IB Chemistry: Stoichiometric Relationships

Stoichiometry is the mathematical backbone of chemistry, providing the tools to predict the quantities of substances consumed and produced in reactions. For IB Chemistry, mastering these quantitative relationships is non-negotiable; it underpins experimental design, data analysis, and your understanding of virtually every other topic, from energetics to organic chemistry. This systematic approach transforms chemistry from a qualitative science into a precise, predictive one, enabling you to calculate everything from the amount of fuel needed for a rocket to the concentration of an acid in a titration.

The Foundation: The Mole and Molar Mass

All stoichiometric calculations begin with the mole (mol), the SI unit for amount of substance. One mole contains exactly $6.022 \times 1 0^{23}$ elementary entities (atoms, molecules, ions, or formula units). This number is Avogadro's constant, $N_{A}$ , and it allows chemists to count particles by weighing them.

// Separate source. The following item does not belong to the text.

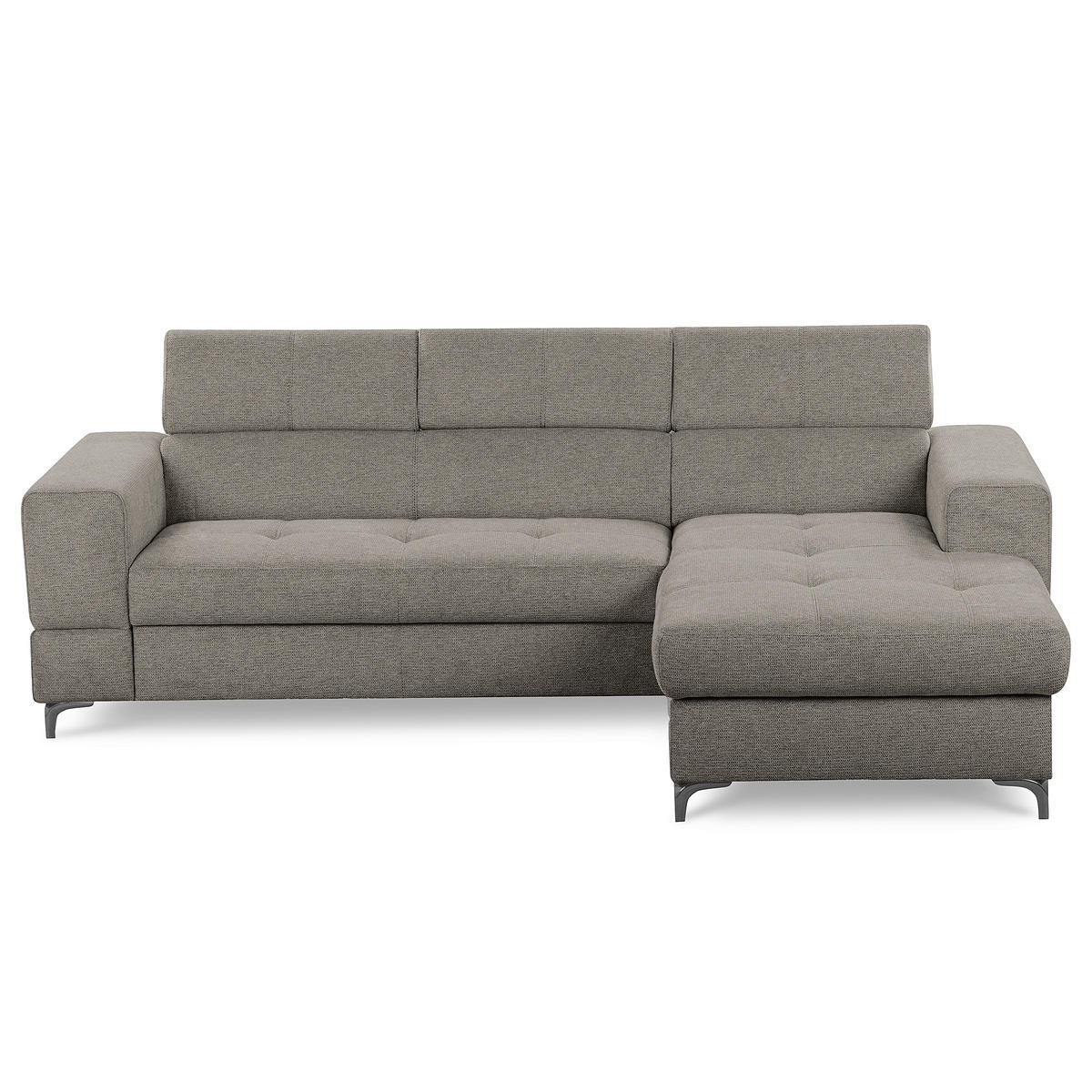 ECKSOFA TORINO Graphitfarben Chenille Bettkasten, Kopfteilverstellung  - Schwarzchrom/Graphitfarben, Design, Textil/Metall (247/173cm) - Livetastic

The link between the microscopic world of atoms and the macroscopic world we measure in lab is molar mass $M$ . The molar mass of an element is its relative atomic mass $A_{r}$ expressed in grams per mole ( $g m o l^{- 1}$ ). For a compound, you calculate it by summing the molar masses of all atoms in its formula. For example, the molar mass of water ( $H_{2} O$ ) is: $M_{H_{2} O} = (2 \times 1.01) + (1 \times 16.00) = 18.02 g m o l^{- 1}$

To convert between mass, moles, and number of particles, you use these fundamental relationships:

Moles from mass: $n = \frac{m}{M}$
Mass from moles: $m = n \times M$
Number of particles from moles: $N = n \times N_{A}$

Consider a 5.00 g sample of table salt, NaCl ( $M = 58.44 g m o l^{- 1}$ ). The amount in moles is $n = \frac{5.00 g}{58.44 g m o l ^{- 1}} = 0.0856 m o l$ . This represents $0.0856 m o l \times 6.022 \times 1 0^{23} m o l^{- 1} = 5.15 \times 1 0^{22}$ formula units of NaCl.

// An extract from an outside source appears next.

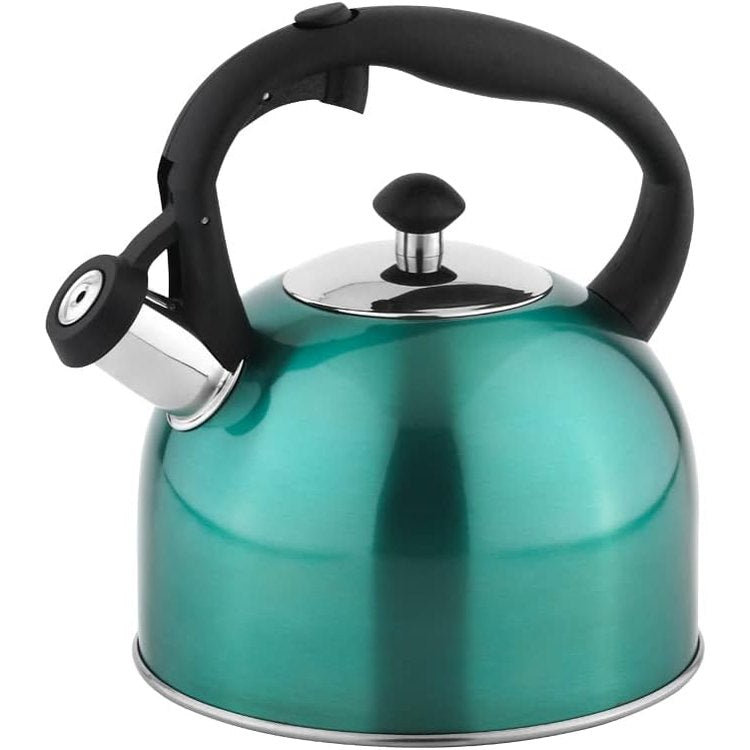 215355 - AMAZON BASICS Çajnik prej çeliku inox, 2.3 l, blu-jeshil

Determining Chemical Formulas: Empirical and Molecular

Chemical formulas express composition. The empirical formula shows the simplest whole-number ratio of atoms in a compound, while the molecular formula shows the actual number of atoms in a molecule. For ionic compounds, the empirical formula is the only meaningful one.

Determination involves a three-step process:

Find the moles of each element from given mass or percentage composition data.
Calculate the simplest mole ratio by dividing each element's mole value by the smallest mole value.
Convert to whole numbers to get the empirical formula.

For example, a compound is analyzed and found to contain 40.0% carbon, 6.7% hydrogen, and 53.3% oxygen by mass. Assuming a 100 g sample gives masses of 40.0 g C, 6.7 g H, and 53.3 g O.

Moles of C: $n_{C} = 40.0 g /12.01 g m o l^{- 1} = 3.33 m o l$
Moles of H: $n_{H} = 6.7 g /1.01 g m o l^{- 1} = 6.63 m o l$
Moles of O: $n_{O} = 53.3 g /16.00 g m o l^{- 1} = 3.33 m o l$

The ratio is C: 3.33/3.33 = 1, H: 6.63/3.33 ≈ 2, O: 3.33/3.33 = 1. The empirical formula is $C H_{2} O$ .

To find the molecular formula, you need the molar mass of the compound. If the molar mass is determined to be 60.0 $g m o l^{- 1}$ , compare it to the empirical formula mass of $C H_{2} O$ (12.01 + 2.02 + 16.00 = 30.03). The multiplier is $60.0/30.03 \approx 2$ . Therefore, the molecular formula is $C_{2} H_{4} O_{2}$ .

Balanced Equations and Reaction Stoichiometry

A balanced chemical equation obeys the Law of Conservation of Mass, showing equal numbers of each atom on both sides. The coefficients represent the stoichiometric mole ratios in which reactants combine and products form. This is the map for all reaction stoichiometry.

For the combustion of propane: $C_{3} H_{8} (g) + 5 O_{2} (g) \to 3 C O_{2} (g) + 4 H_{2} O (l)$ The coefficients tell us that 1 mole of $C_{3} H_{8}$ reacts with 5 moles of $O_{2}$ to produce 3 moles of $C O_{2}$ and 4 moles of $H_{2} O$ . These ratios are the heart of mass-to-mass calculations.

A typical problem: What mass of $C O_{2}$ is produced from burning 22.0 g of $C_{3} H_{8}$ ?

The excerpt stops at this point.